---- DATASET RECORDS
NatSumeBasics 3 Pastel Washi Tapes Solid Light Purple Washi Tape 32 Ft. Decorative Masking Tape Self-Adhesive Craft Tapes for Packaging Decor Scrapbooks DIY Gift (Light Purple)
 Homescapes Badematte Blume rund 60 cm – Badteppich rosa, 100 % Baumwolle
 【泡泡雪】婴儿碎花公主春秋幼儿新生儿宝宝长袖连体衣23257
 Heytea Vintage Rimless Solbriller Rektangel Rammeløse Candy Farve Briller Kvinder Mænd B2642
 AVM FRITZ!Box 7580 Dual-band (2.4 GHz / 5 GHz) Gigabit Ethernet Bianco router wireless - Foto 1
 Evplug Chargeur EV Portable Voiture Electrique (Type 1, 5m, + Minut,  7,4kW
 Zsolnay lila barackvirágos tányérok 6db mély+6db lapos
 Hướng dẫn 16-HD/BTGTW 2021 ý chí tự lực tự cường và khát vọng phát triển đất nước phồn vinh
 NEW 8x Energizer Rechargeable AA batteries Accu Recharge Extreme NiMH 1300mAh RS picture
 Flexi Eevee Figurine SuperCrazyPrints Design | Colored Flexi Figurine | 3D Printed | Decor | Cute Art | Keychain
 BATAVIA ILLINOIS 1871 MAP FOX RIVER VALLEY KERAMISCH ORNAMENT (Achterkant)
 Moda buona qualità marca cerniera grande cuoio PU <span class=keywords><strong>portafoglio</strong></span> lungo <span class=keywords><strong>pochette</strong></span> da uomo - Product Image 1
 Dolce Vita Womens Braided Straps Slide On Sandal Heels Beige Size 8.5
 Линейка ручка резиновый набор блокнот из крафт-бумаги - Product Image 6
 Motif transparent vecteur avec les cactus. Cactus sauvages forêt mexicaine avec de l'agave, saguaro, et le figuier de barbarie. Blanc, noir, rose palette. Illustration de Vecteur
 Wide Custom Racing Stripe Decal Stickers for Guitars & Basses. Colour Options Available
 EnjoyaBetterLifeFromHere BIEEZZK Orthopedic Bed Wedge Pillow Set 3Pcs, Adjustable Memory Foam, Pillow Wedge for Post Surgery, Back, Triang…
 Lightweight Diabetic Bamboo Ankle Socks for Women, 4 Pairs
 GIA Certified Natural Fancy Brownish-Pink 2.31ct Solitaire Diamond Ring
--------
### TASK PROMPT
From the records above, retype only the lines starting at the line that contains "Dolce Vita Womens" and ending at the line that contains "Wide Custom Racing", both included.

### EXPECTED ANSWER
 Dolce Vita Womens Braided Straps Slide On Sandal Heels Beige Size 8.5
 Линейка ручка резиновый набор блокнот из крафт-бумаги - Product Image 6
 Motif transparent vecteur avec les cactus. Cactus sauvages forêt mexicaine avec de l'agave, saguaro, et le figuier de barbarie. Blanc, noir, rose palette. Illustration de Vecteur
 Wide Custom Racing Stripe Decal Stickers for Guitars & Basses. Colour Options Available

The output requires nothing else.